AKT- a key molecular regulator of
PI-3K signaling pathway, is somatically mutated in diverse solid
cancer types, and aberrant AKT activation promotes altered
cancer cell growth, survival, and metabolism1-8. The most common of AKT mutations (AKT1 E17K) sensitizes affected solid
tumors to AKT inhibitor therapy7,8. However, the pathway dependence and inhibitor sensitivity of the long tail of potentially activating mutations in AKT is poorly understood, limiting our ability to act clinically in prospectively characterized
cancer patients. Here we show, through population-scale driver mutation discovery combined with functional, biological, and therapeutic studies that some but not all missense mutations activate downstream AKT effector pathways in a
growth factor-independent manner and sensitize
tumor cells to diverse AKT inhibitors.

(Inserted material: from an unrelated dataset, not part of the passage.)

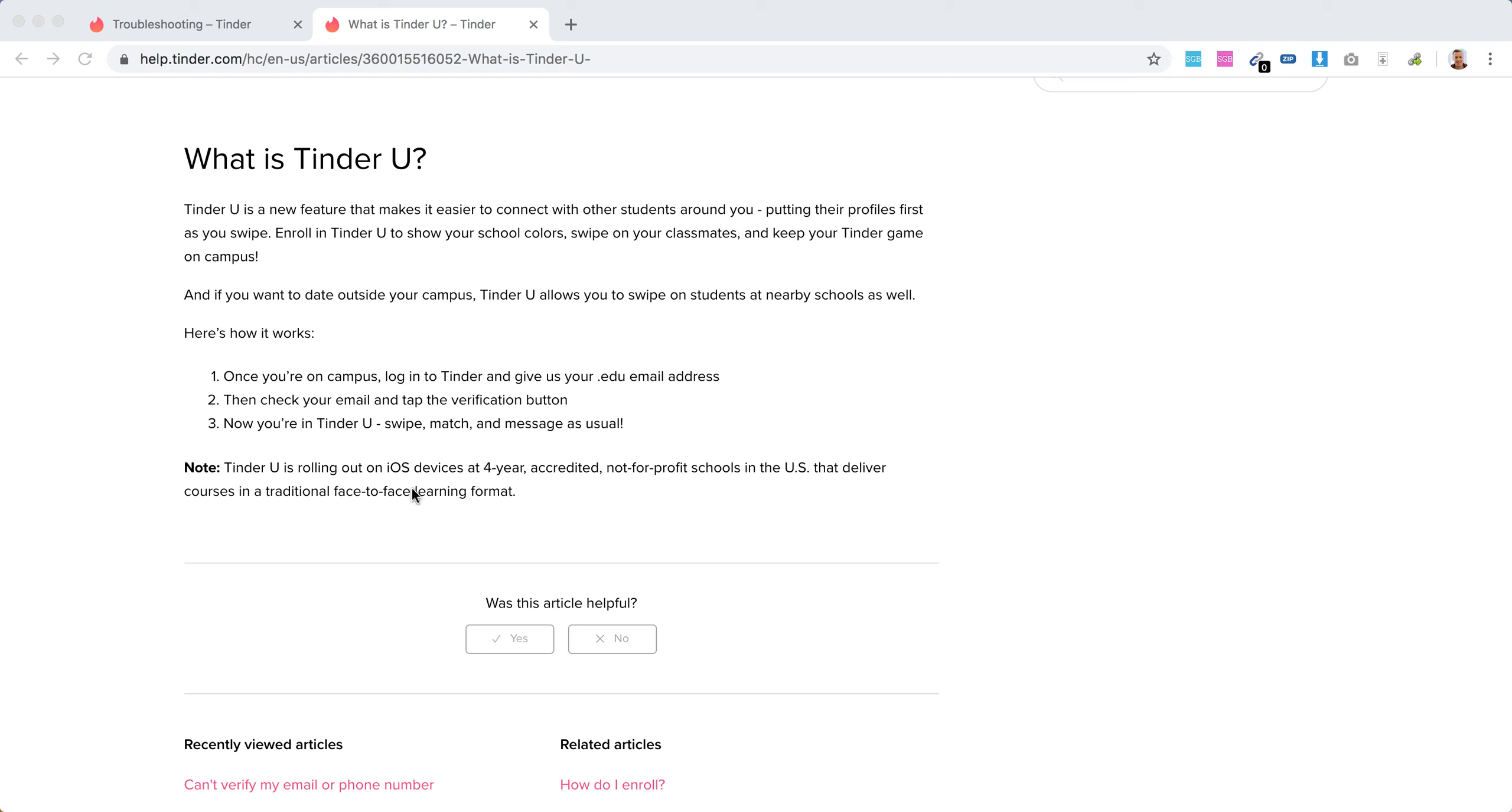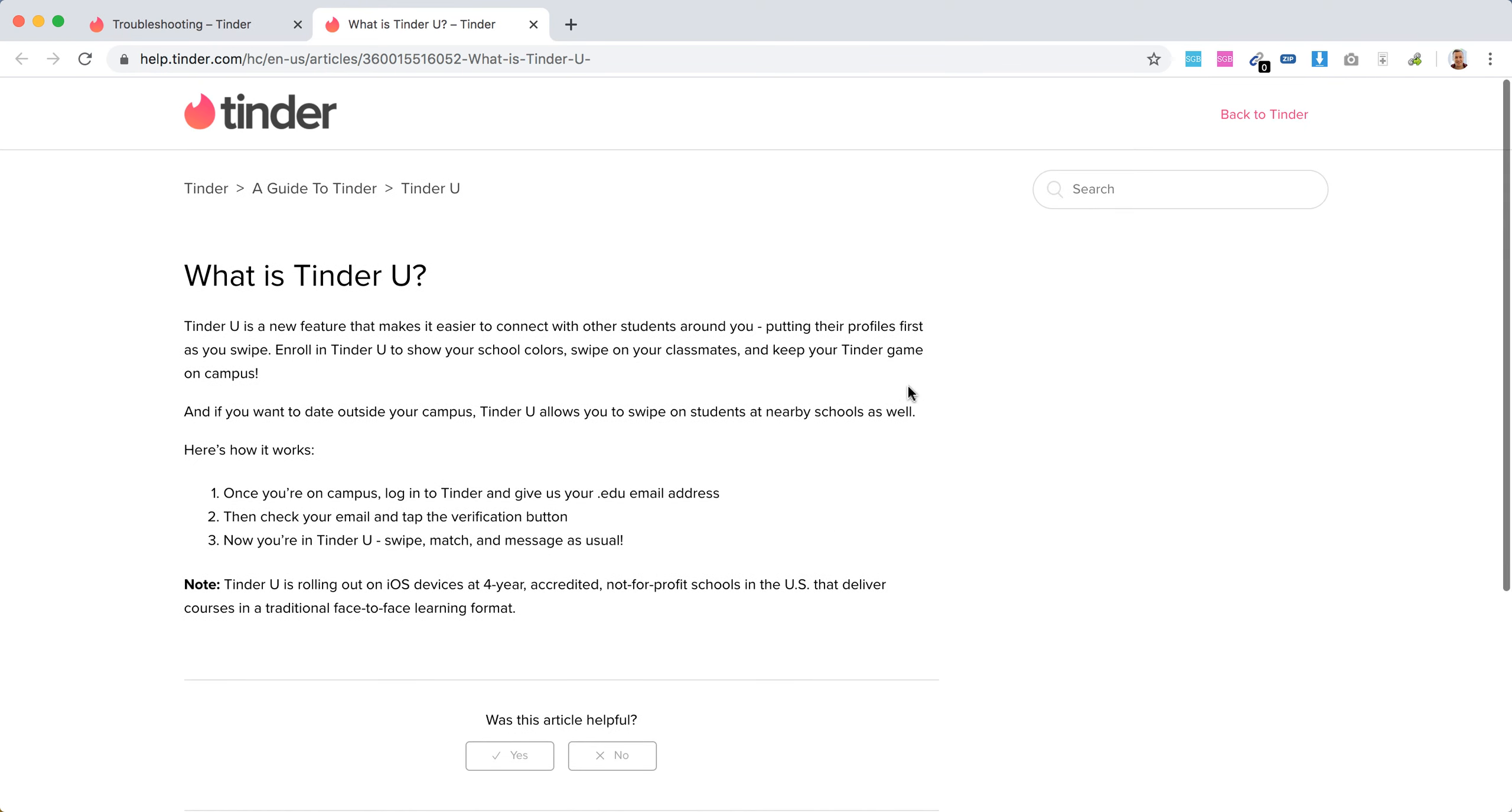It works only on iOS devices and only at 4-year accredited not-for-profit schools in the US that deliver traditional courses in a face-to-face format. So there you have it.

A distinct class of small in-frame duplications paralogous across AKT
isoforms induce structural changes different than those of activating missense mutations, leading to a greater degree of membrane affinity, AKT activation, and cell proliferation as well as pathway dependence and hyper-sensitivity to
ATP-competitive, but not allosteric AKT inhibitors. Assessing these mutations clinically, we conducted a phase II clinical trial testing the AKT inhibitor
capivasertib (
AZD5363) in patients with solid
tumors harboring AKT alterations (NCT03310541). Twelve patients were enrolled, out of which six harbored AKT1-3 non-E17K mutations. The median progression free survival (PFS) of
capivasertib therapy was 84 days (95% CI 50-not reached) with an objective response rate of 25% (n = 3 of 12) and clinical benefit rate of 42% (n = 5 of 12). Collectively, our data indicate that the degree and mechanism of activation of oncogenic AKT mutants vary, thereby dictating allele-specific pharmacological sensitivities to AKT inhibition.